Originally posted by Nereid

...What observations have been made that show there are insufficient non-luminous (or low-luminosity) massive objects to account for the missing mass?

This is a really interesting question which I don't think has been addressed yet in this thread. How come we're so sure---on the grounds of what observational evidence? How did we "see" the absence of billions of invisible small-size stars? Someone knows the answer here, I expect (besides Nereid, I mean). Let's hear from some of you others!
 
  • #443


Originally posted by marcus
Here is the original question:



"be so sure" suggests that N. is looking for observational evidence, does it not? The model of stellar formation predicts mass distributions, but is a model---it might even have to be modified some day, who knows?
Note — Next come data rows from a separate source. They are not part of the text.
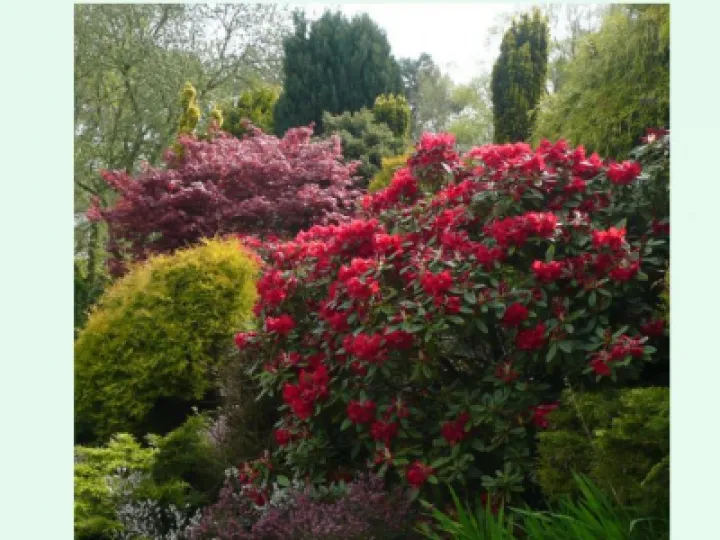 May 2020 Parish News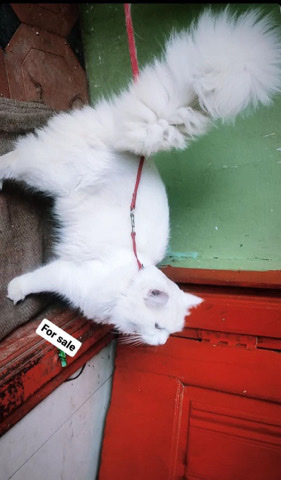  male cat  for sale   contact- ***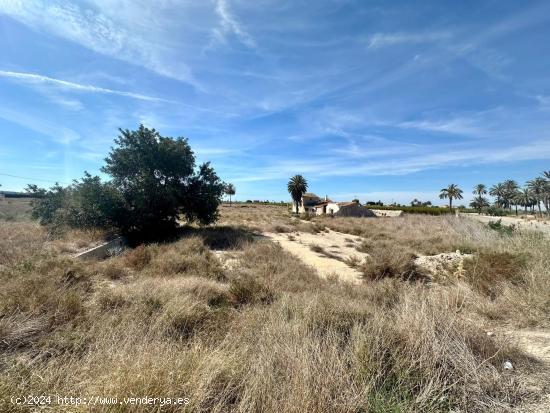 EN VENTA TERRENO JUNTO A LA CTRA.DE SANTA POLA DE 45.000 METROS - ALICANTE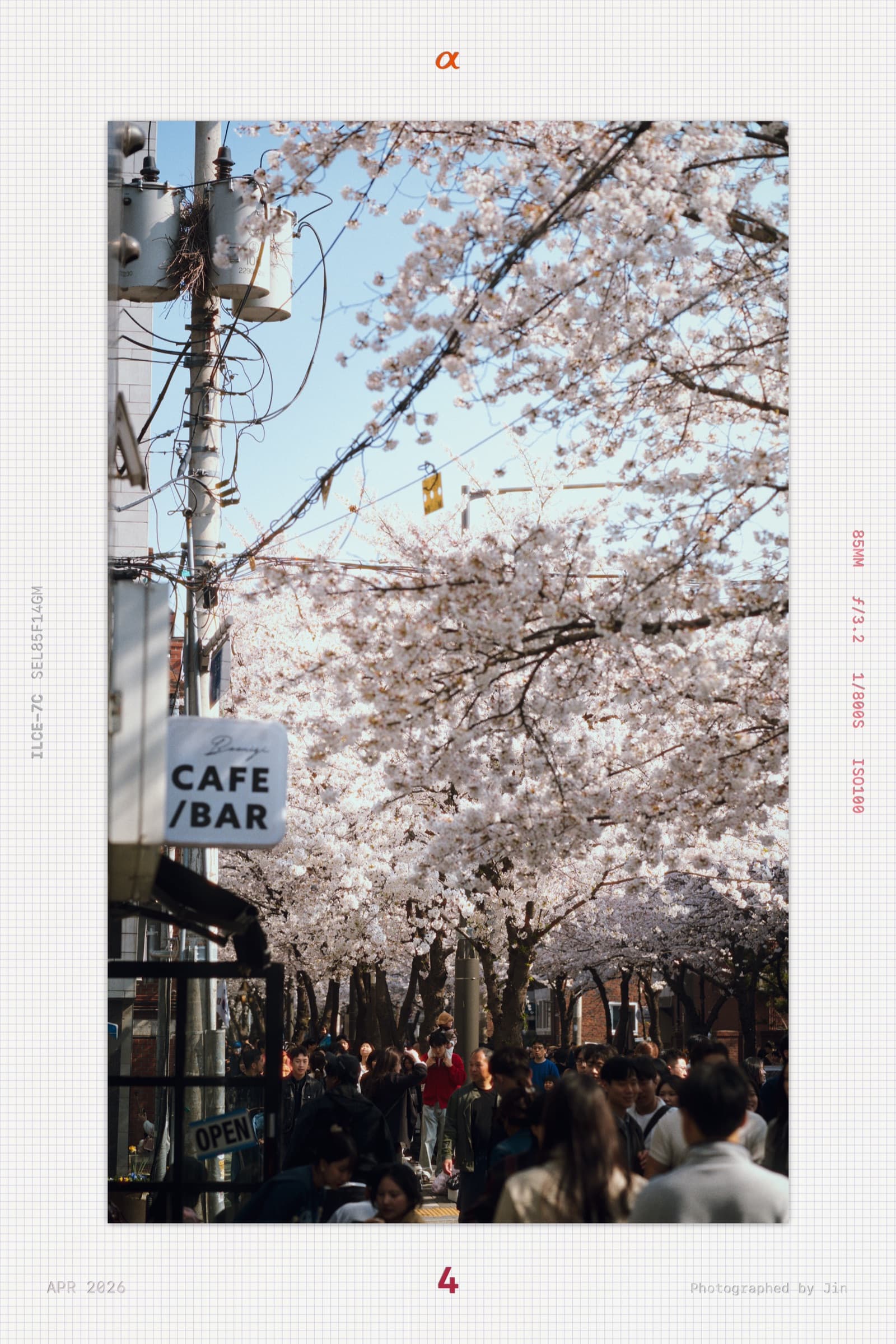 A cafe and bar sign over a small crowd, blossoms above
Here is the same question rephrased:



This is a really interesting question which I don't think has been addressed yet in this thread. How come we're so sure---on the grounds of what observational evidence? How did we "see" the absence of billions of invisible small-size stars? Someone knows the answer here, I expect (besides Nereid, I mean). Let's hear from some of you others!
Ok, then someone else can answer what Nereid "might have thought" instead of answering the question as I did.

I think questions, like my last 3-parter, should all be asked at one time instead of "comebacks" saying that "you're right, but now add more". I can't guess ahead as to what someone "might have meant", just answer the question as asked.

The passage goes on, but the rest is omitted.